== Exercise inputs ==
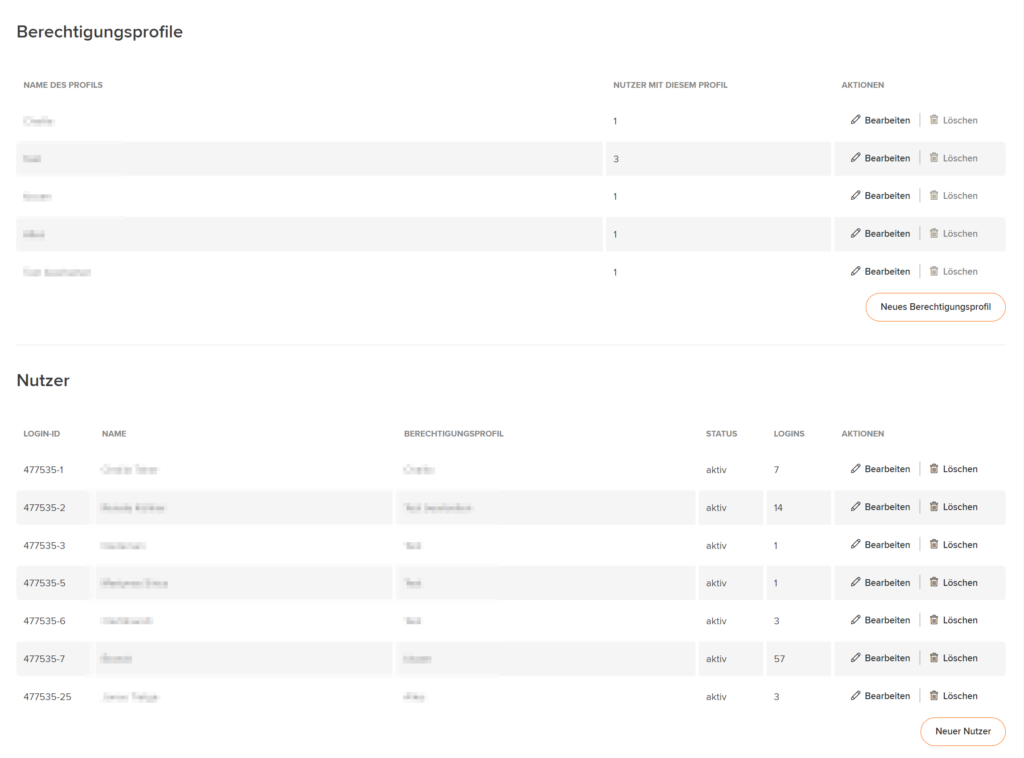 User management in etracker analytics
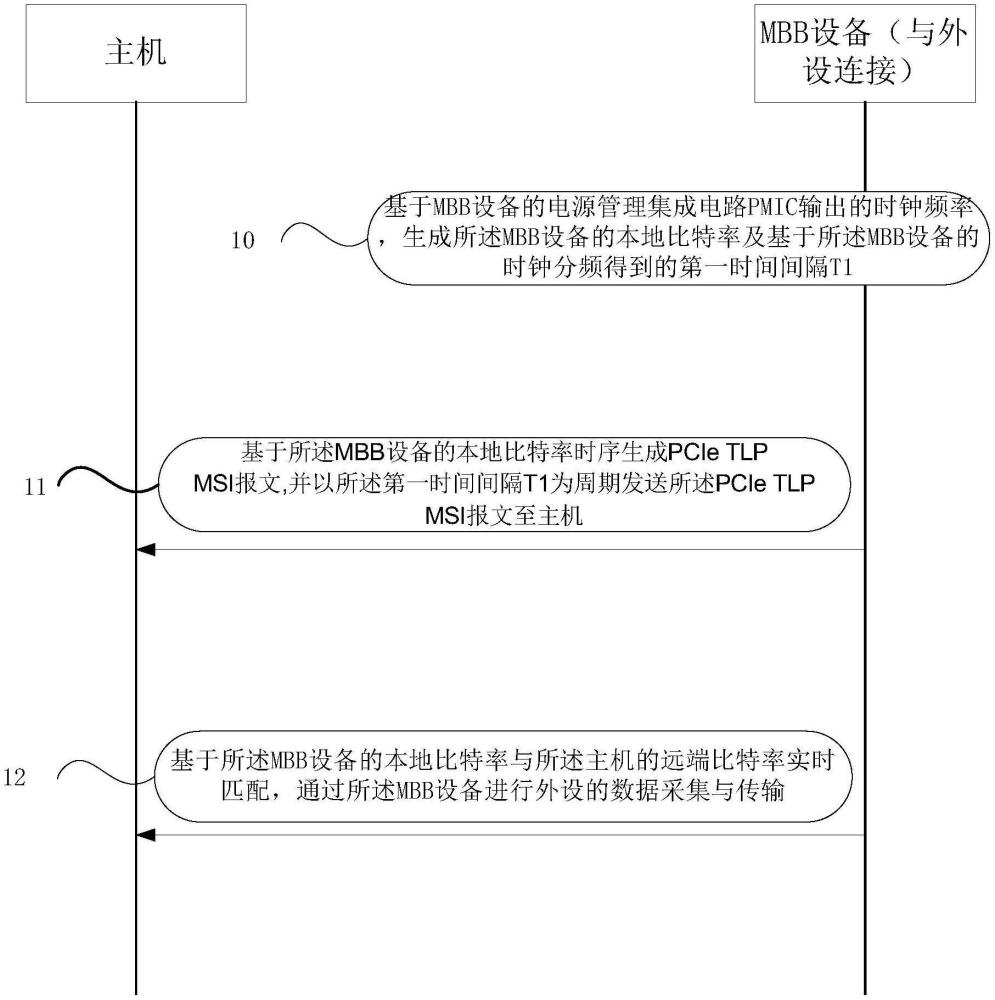 基于MBB設(shè)備的數(shù)據(jù)采集方法、裝置、存儲(chǔ)介質(zhì)及電子設(shè)備與流程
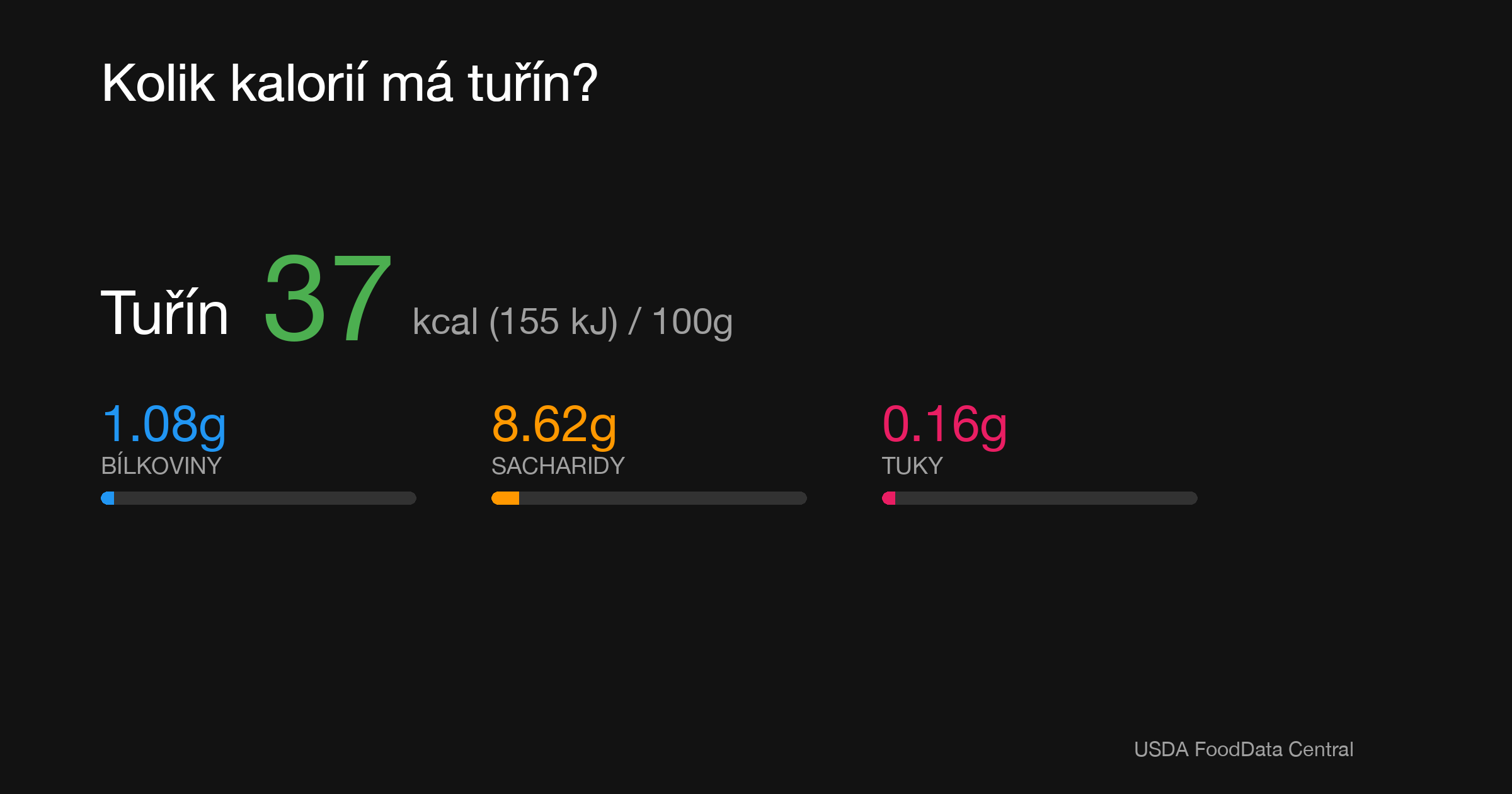 Tuřín: 37 kcal (155 kJ), Bílkoviny 1.08g, Sacharidy 8.62g, Tuky 0.16g na 100g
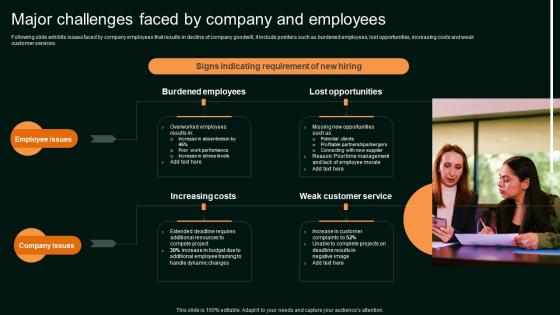 Major Challenges Faced By Company And Employees Enhancing Organizational Hiring
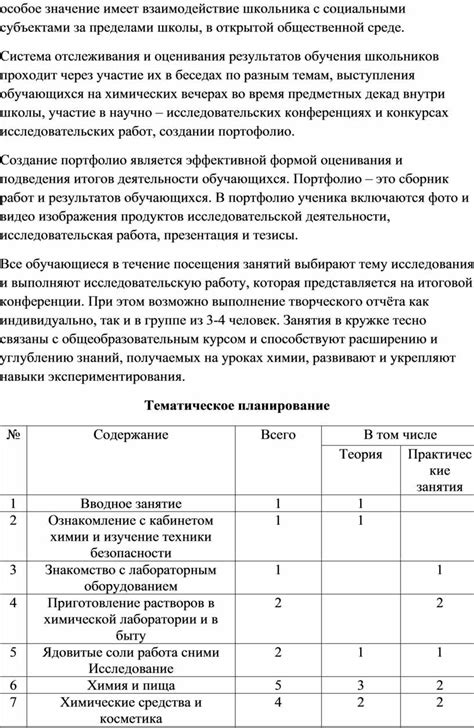 Определение id через участие в беседах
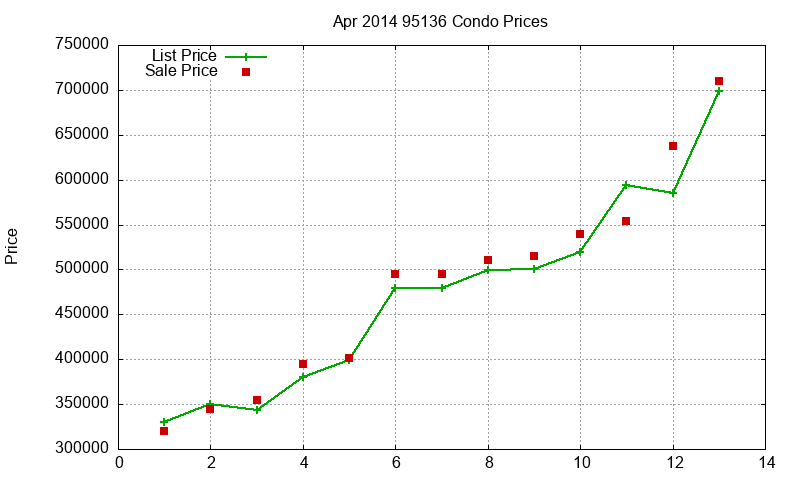 95136 Condos Just Sold 2014-04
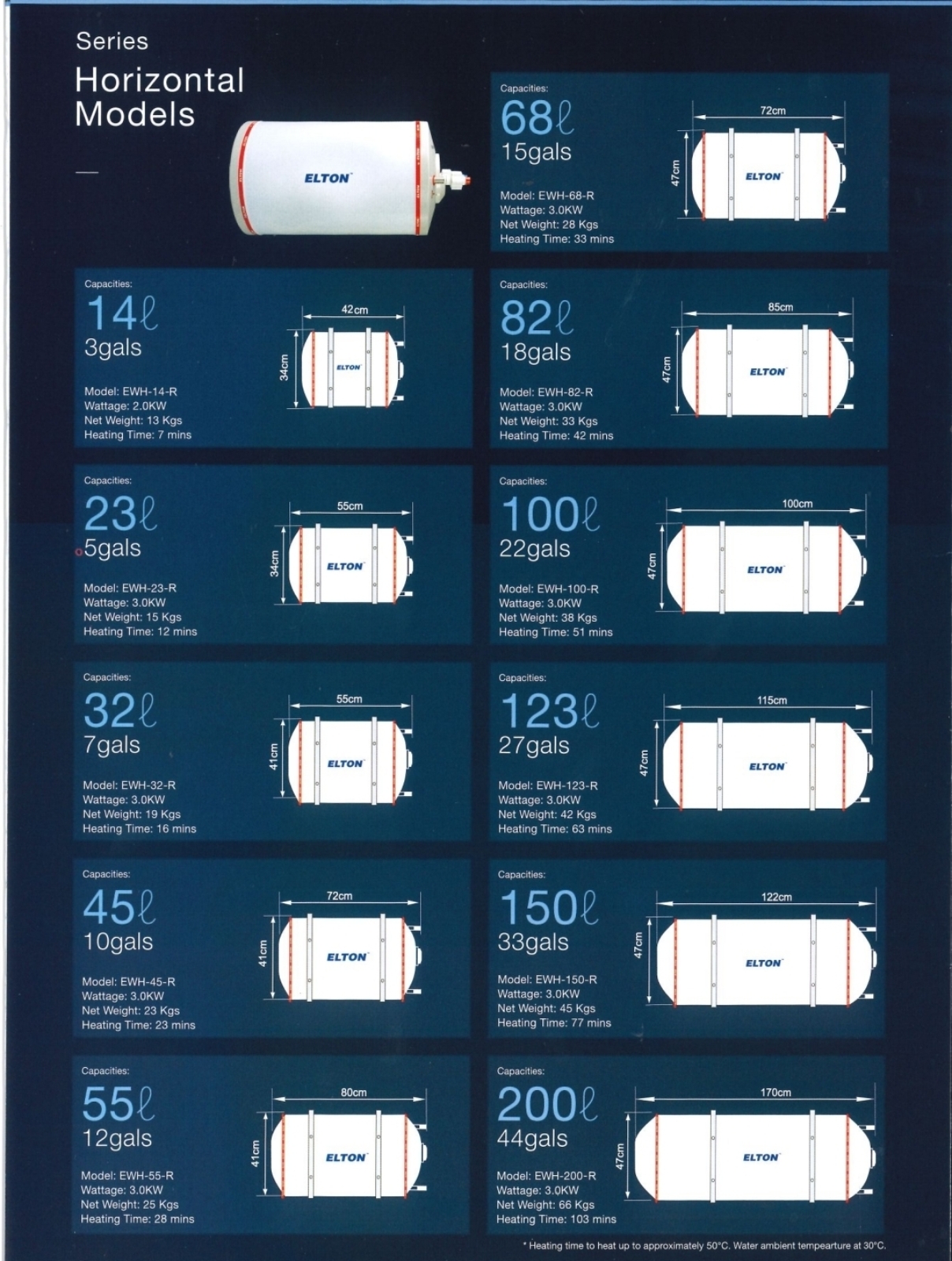 ELTON ELECTRIC STORAGE WATER HEATER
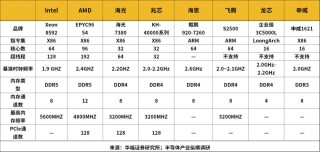 AI服务器爆火，这些芯片赛道进入狂欢期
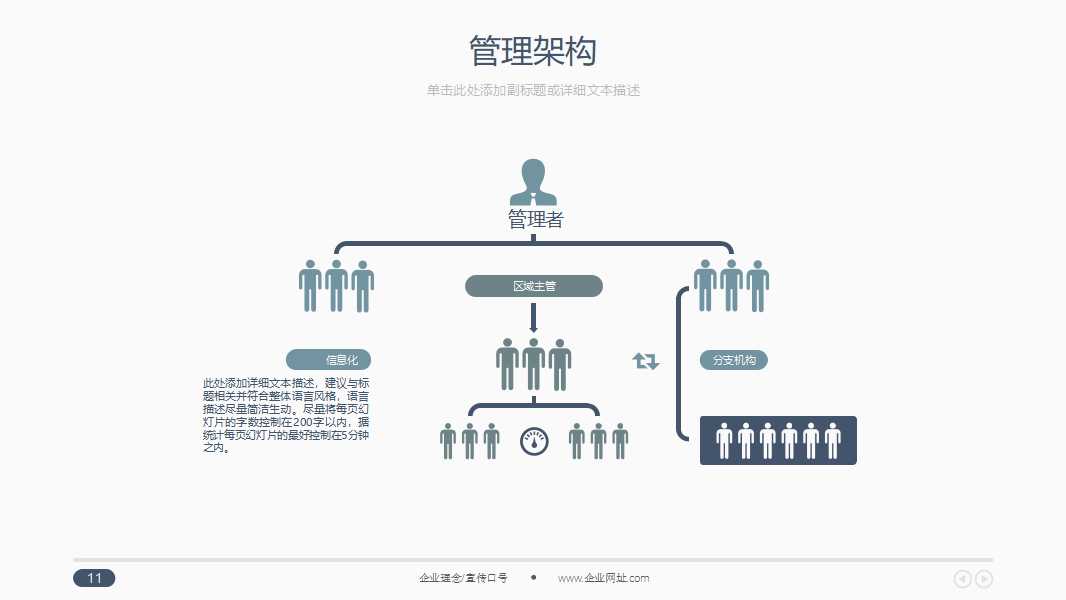 XX酒店传播策略提案PPT课件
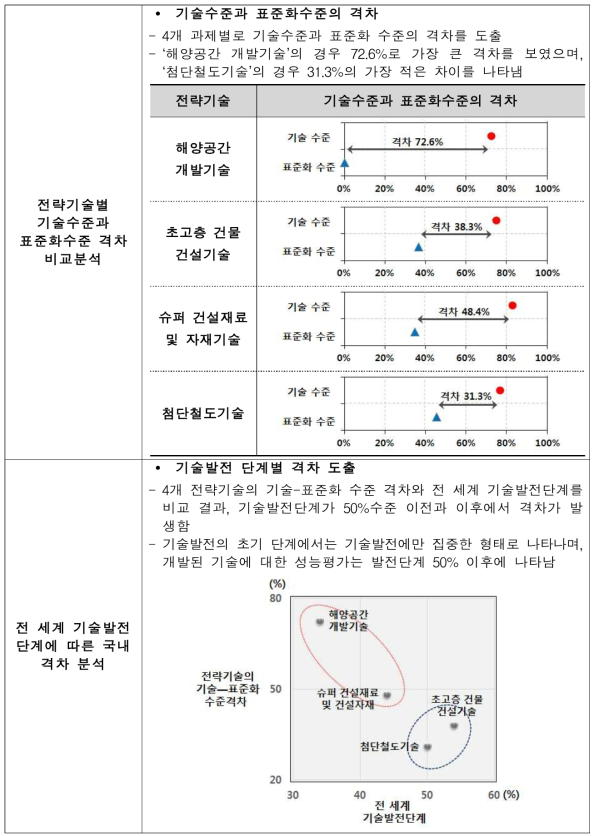 건설교통 전략기술의 개발에 따른 성능평가 개발의 필요성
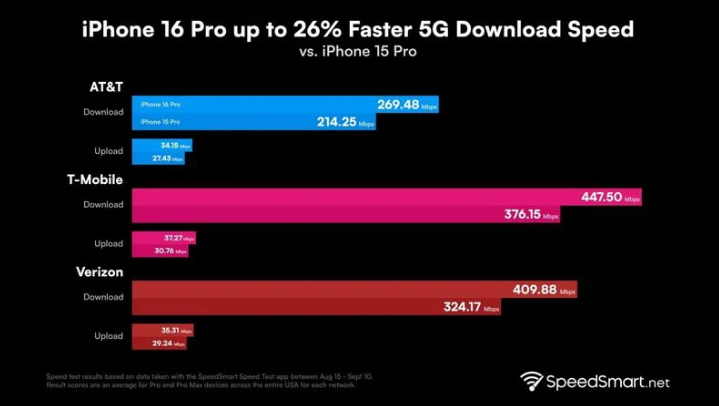 罗源苹果手机维修分享iPhone 16 Pro 系列的 5G 速度 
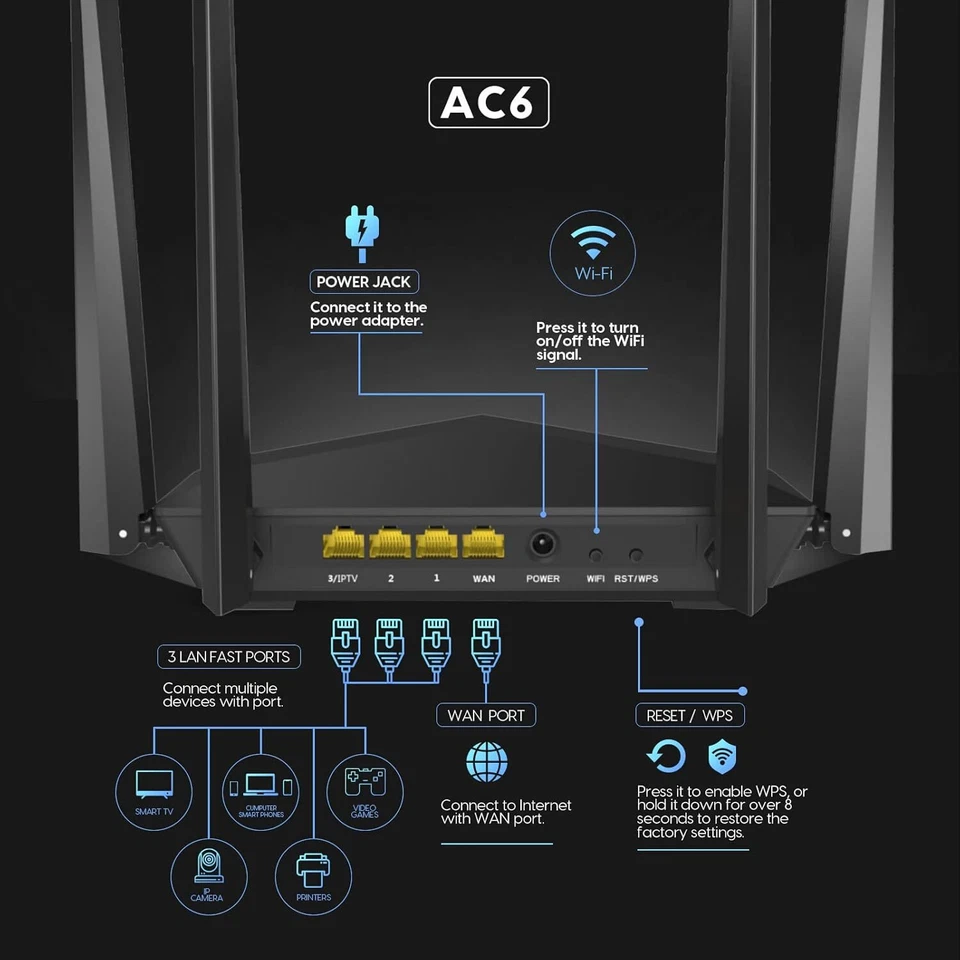 Dualband WLAN Router (867Mbit/s 5GHz+300Mbit/s 2,4GHz) 4*5 dBi - Bild 2 von 4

== Your instructions ==
The listing above should be repeated word for word, pictures removed.

== Output of the exercise ==
 User management in etracker analytics
 基于MBB設(shè)備的數(shù)據(jù)采集方法、裝置、存儲(chǔ)介質(zhì)及電子設(shè)備與流程
 Tuřín: 37 kcal (155 kJ), Bílkoviny 1.08g, Sacharidy 8.62g, Tuky 0.16g na 100g
 Major Challenges Faced By Company And Employees Enhancing Organizational Hiring
 Определение id через участие в беседах
 95136 Condos Just Sold 2014-04
 ELTON ELECTRIC STORAGE WATER HEATER
 AI服务器爆火，这些芯片赛道进入狂欢期
 XX酒店传播策略提案PPT课件
 건설교통 전략기술의 개발에 따른 성능평가 개발의 필요성
 罗源苹果手机维修分享iPhone 16 Pro 系列的 5G 速度 
 Dualband WLAN Router (867Mbit/s 5GHz+300Mbit/s 2,4GHz) 4*5 dBi - Bild 2 von 4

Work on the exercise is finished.